:: About this task ::
Everything from the line that holds "Photogenic 4 Leaf" through the end of the records below is to be transcribed exactly, except the pictures.

Record extracts Block Start

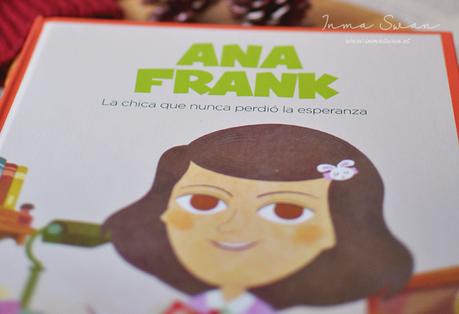 Ana Frank (Mis pequeños Héroes)
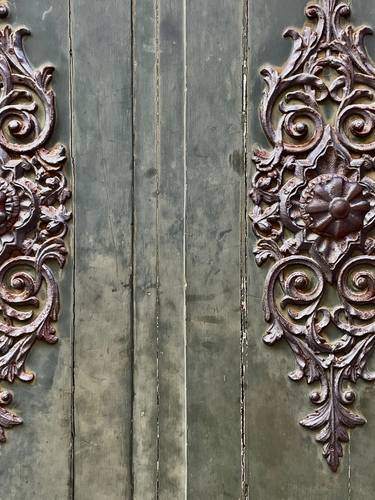 Venetian Door, Detail thumb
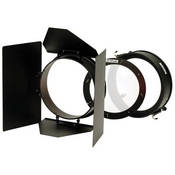 Photogenic 4 Leaf Barndoor Kit for Photogenic 7-1/2" Photogenic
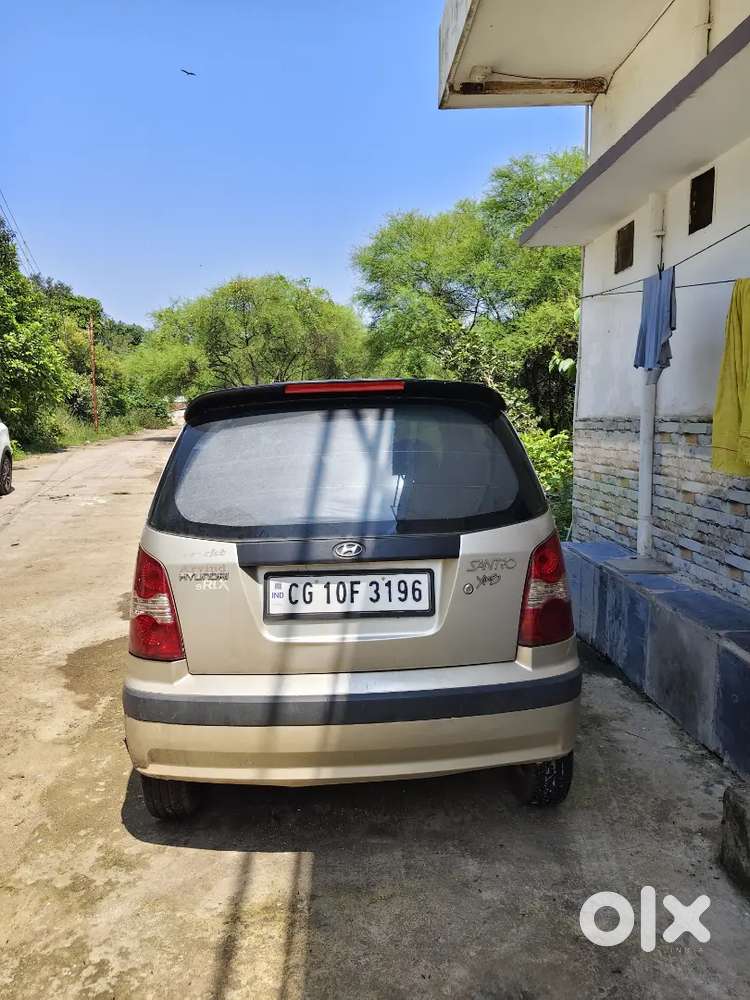 Hyundai Santro Xing Xl 2007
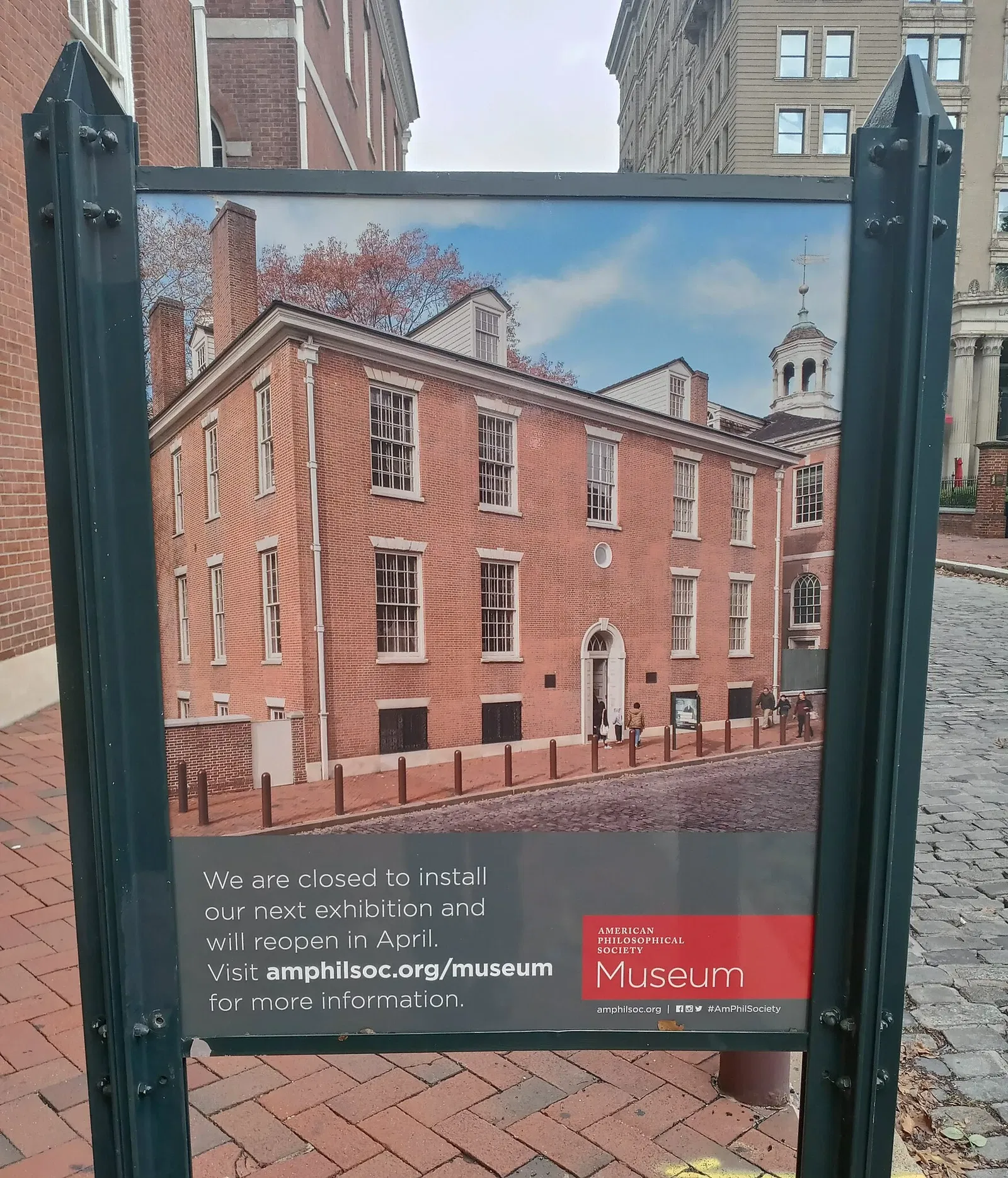 American Philosophical Society Museum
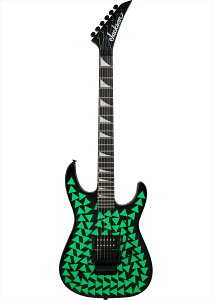 Jackson@X Series Dinky DK1A Illuminati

Record extracts Block End

:: Exercise result ::
 Photogenic 4 Leaf Barndoor Kit for Photogenic 7-1/2" Photogenic
 Hyundai Santro Xing Xl 2007
 American Philosophical Society Museum
 Jackson@X Series Dinky DK1A Illuminati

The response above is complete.